===== Dataset section

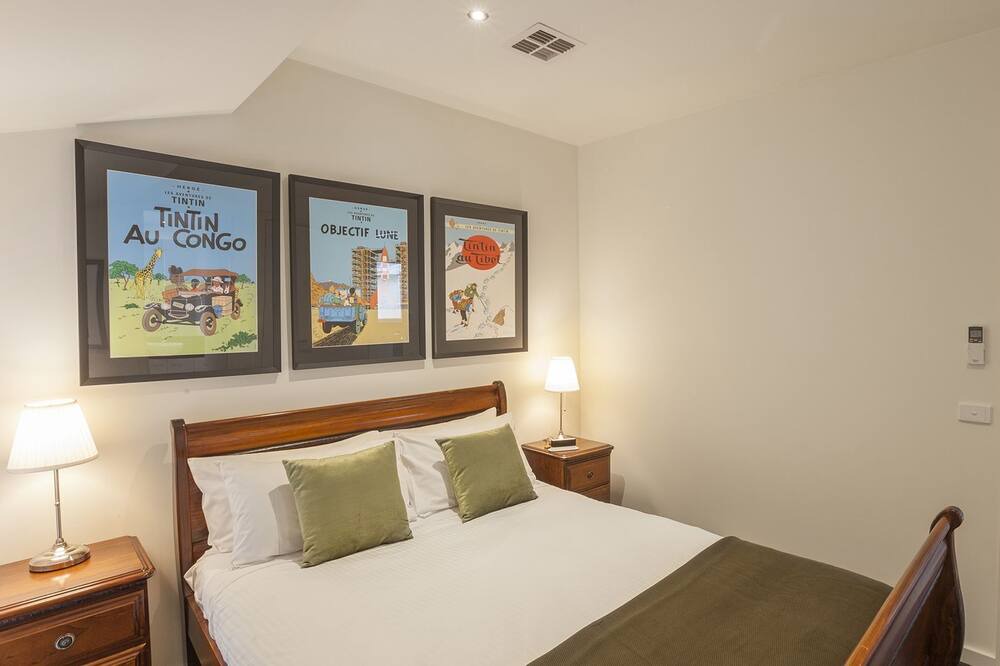 Photo of Bedroom in Elwood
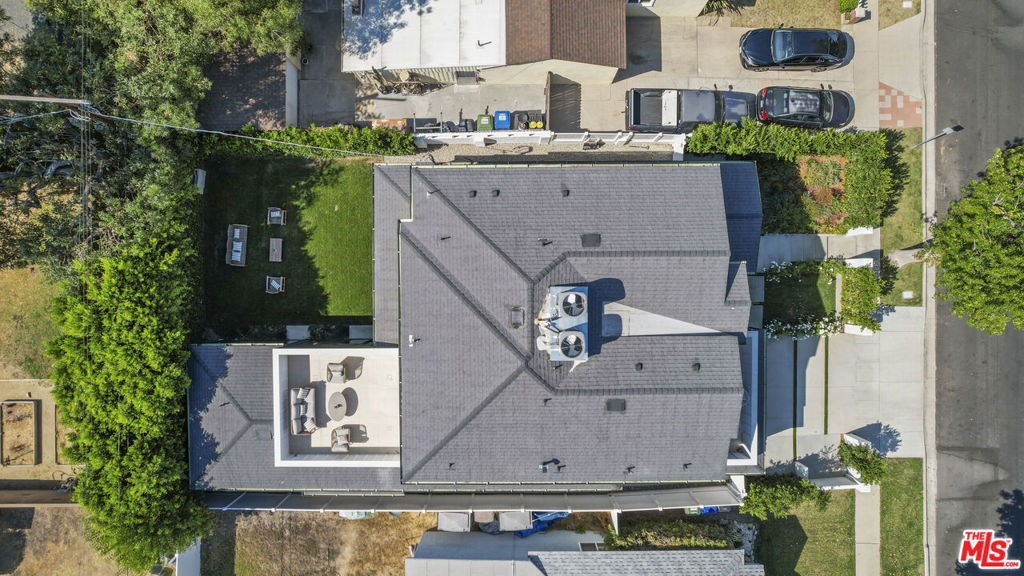 https://media.crmls.org/mediaz/a5a049ec-76a8-4166-91ad-62c35a58407f.jpg?preset=X-Large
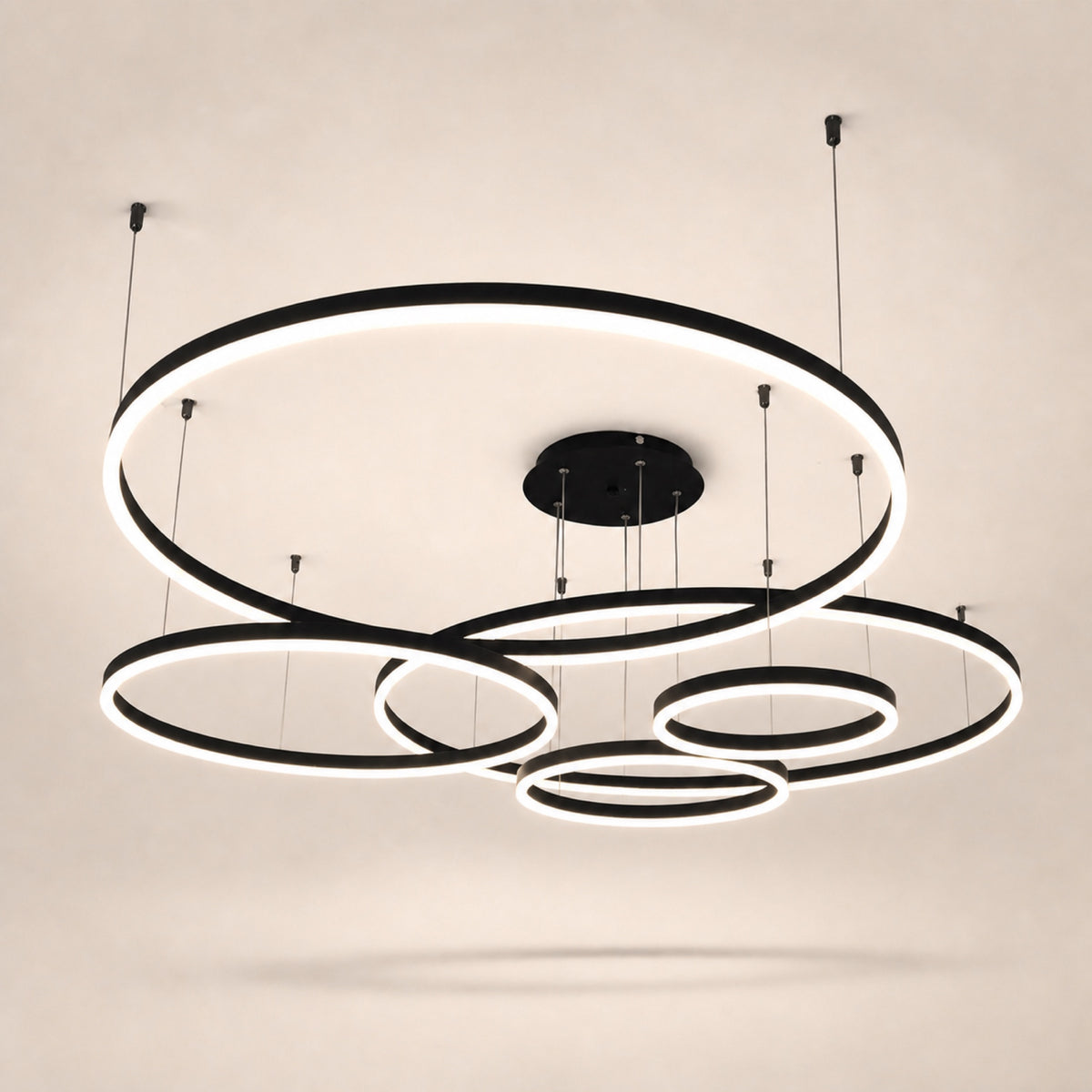Lustre 6 anneaux LED superposés, noir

==========

→ Task requirements
Only the pictures may be dropped when you copy the data above; everything else stays exact.

→ Answer space
 Photo of Bedroom in Elwood
 https://media.crmls.org/mediaz/a5a049ec-76a8-4166-91ad-62c35a58407f.jpg?preset=X-Large
Lustre 6 anneaux LED superposés, noir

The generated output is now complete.